*** Opening of Given entries ***

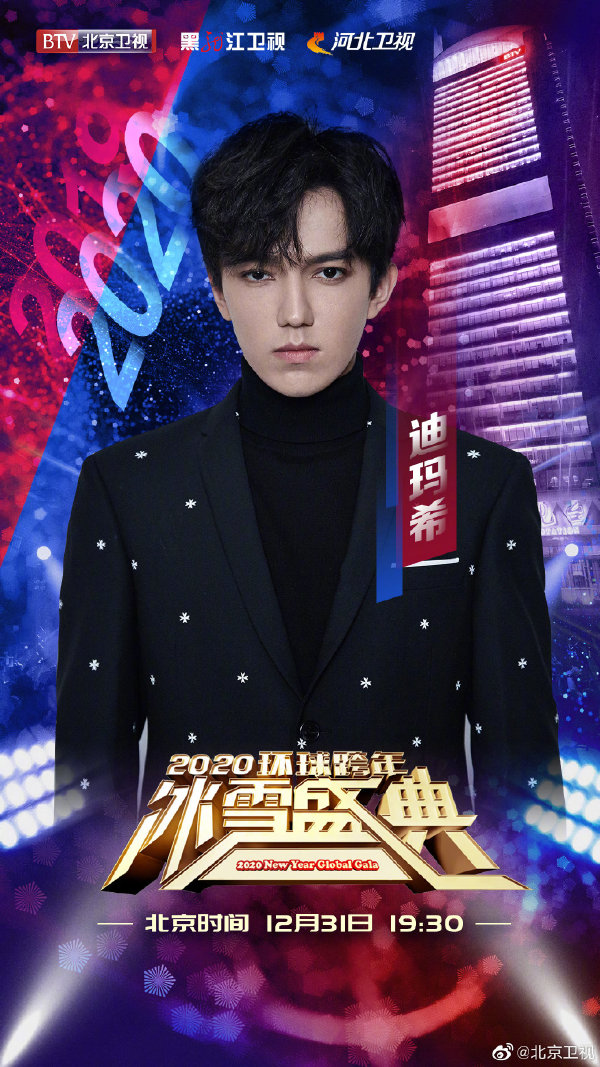 Beijing TV New Year Eve Show 2020 (27)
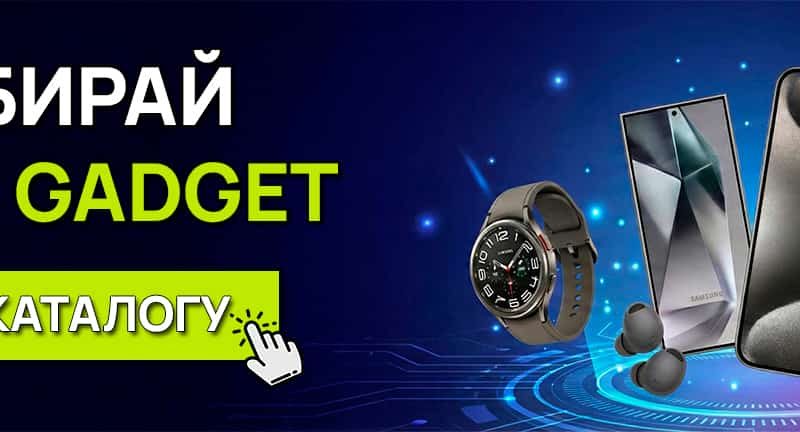 Де вигідно купити смартфон в Україні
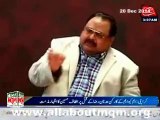 Altaf Hussain strongly condemn tragic assassination of MQM Federal B Area Sector Adnan Raza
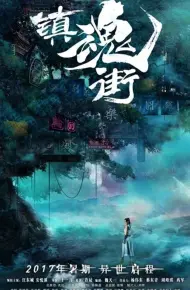 Trấn Hồn Nhai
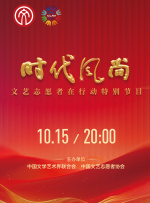 丝袜美腿诱惑视频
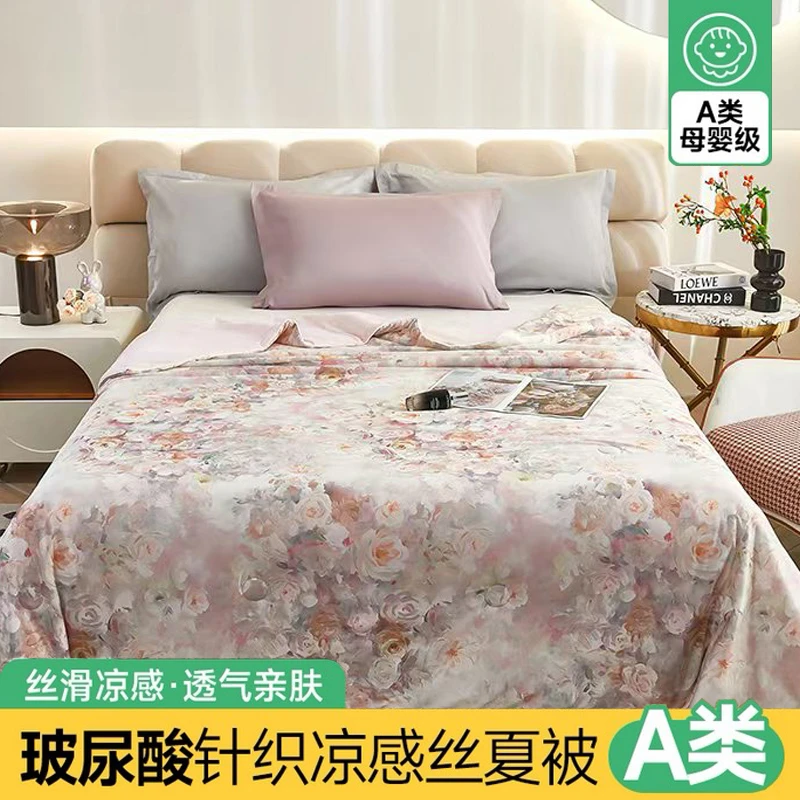 【30天试睡】轻奢玻尿酸针织夏凉被迷香粉200*230cm双人夏被QT114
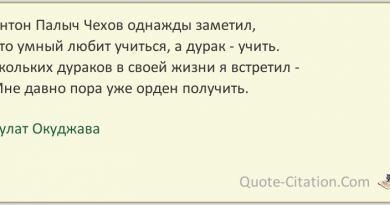Булат Окуджава — Антон Палыч Чехов однажды заметил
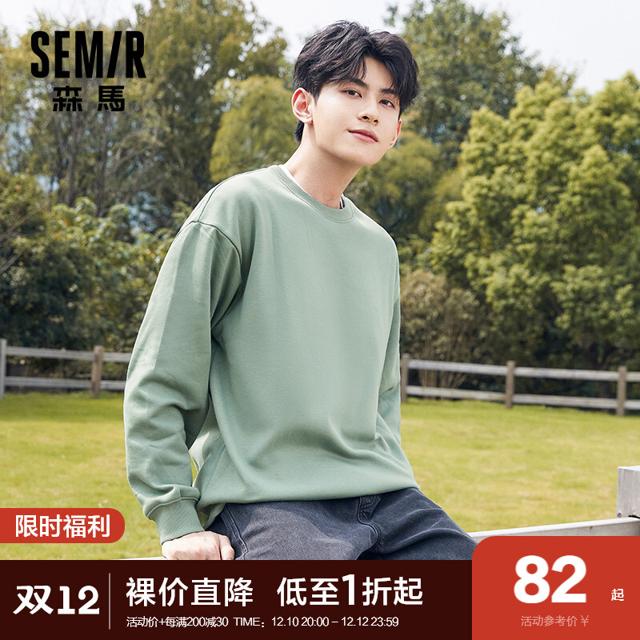 Semir 森马 卫衣男加绒纯色2022冬季新款基础百搭上衣男生简约日系外套潮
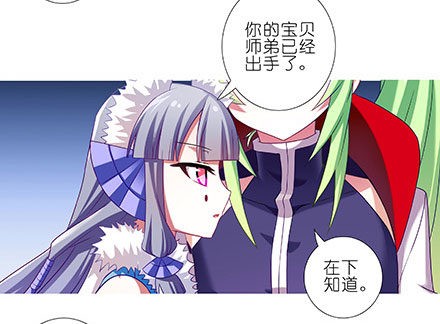 第207坑 要得到总是要付出15
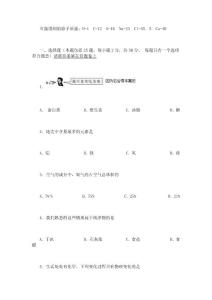 2010初中化学中考试题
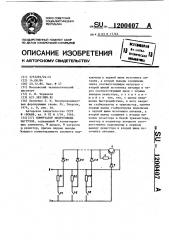 Коммутатор индуктивных нагрузок (патент 1200407)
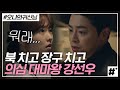 박보영X곽시양 때문에 혼자 사물놀이 하는 조정석( •́ ̯•̀ ),, 직원 동료님들아,, 조용히 해,, 조정석 눈치 좀 보라고😭 | #오나의귀신님 #ing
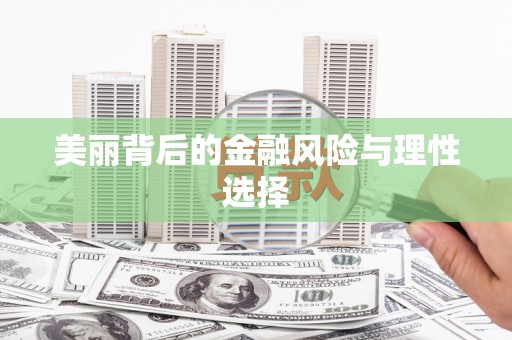 岳池美丽背后的金融风险与理性选择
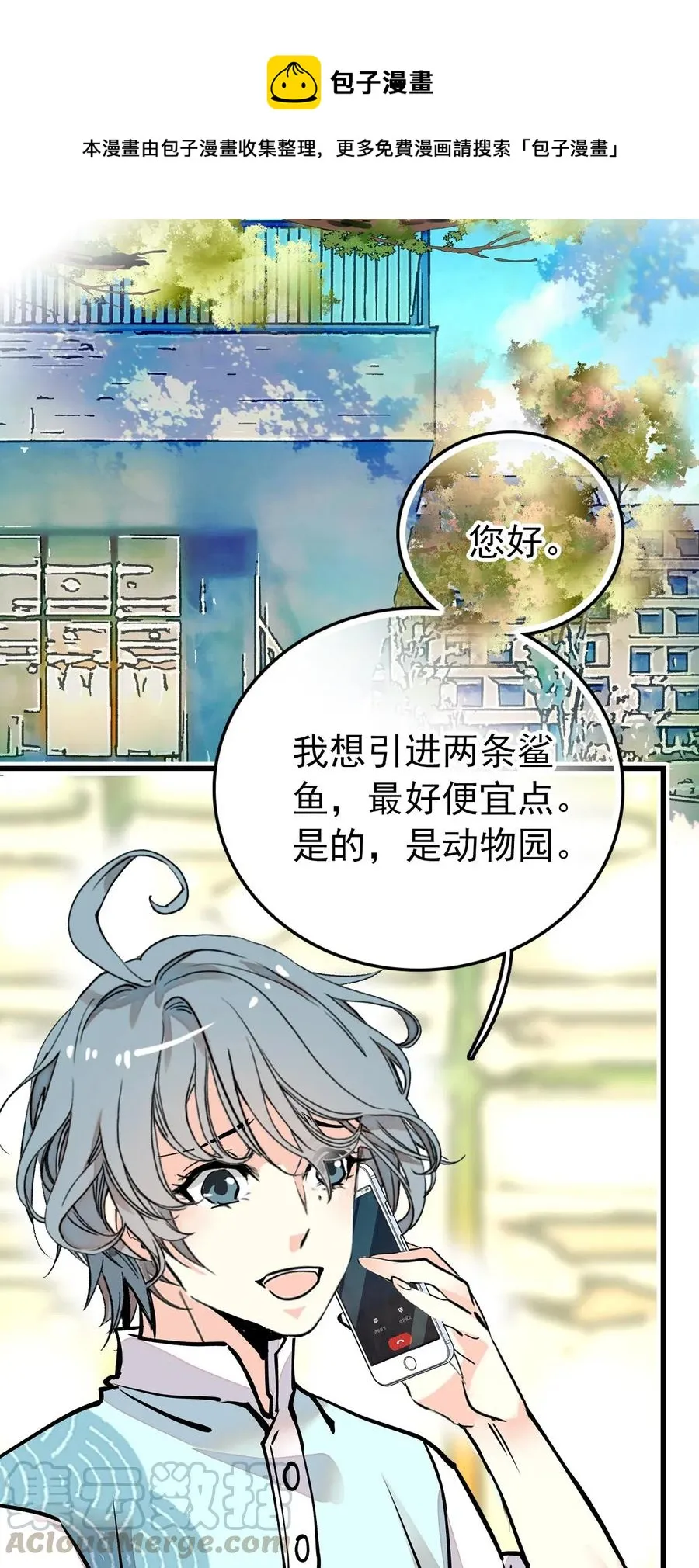 135 新动物到岗报道 第1页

*** Close of Given entries ***

__The problem__. Although the records above contain pictures, your copy should give only their text, exactly as written.

__Output of the task__.
 Beijing TV New Year Eve Show 2020 (27)
 Де вигідно купити смартфон в Україні
 Altaf Hussain strongly condemn tragic assassination of MQM Federal B Area Sector Adnan Raza
 Trấn Hồn Nhai
 丝袜美腿诱惑视频
 【30天试睡】轻奢玻尿酸针织夏凉被迷香粉200*230cm双人夏被QT114
Булат Окуджава — Антон Палыч Чехов однажды заметил
 Semir 森马 卫衣男加绒纯色2022冬季新款基础百搭上衣男生简约日系外套潮
 第207坑 要得到总是要付出15
 2010初中化学中考试题
 Коммутатор индуктивных нагрузок (патент 1200407)
 박보영X곽시양 때문에 혼자 사물놀이 하는 조정석( •́ ̯•̀ ),, 직원 동료님들아,, 조용히 해,, 조정석 눈치 좀 보라고😭 | #오나의귀신님 #ing
 岳池美丽背后的金融风险与理性选择
 135 新动物到岗报道 第1页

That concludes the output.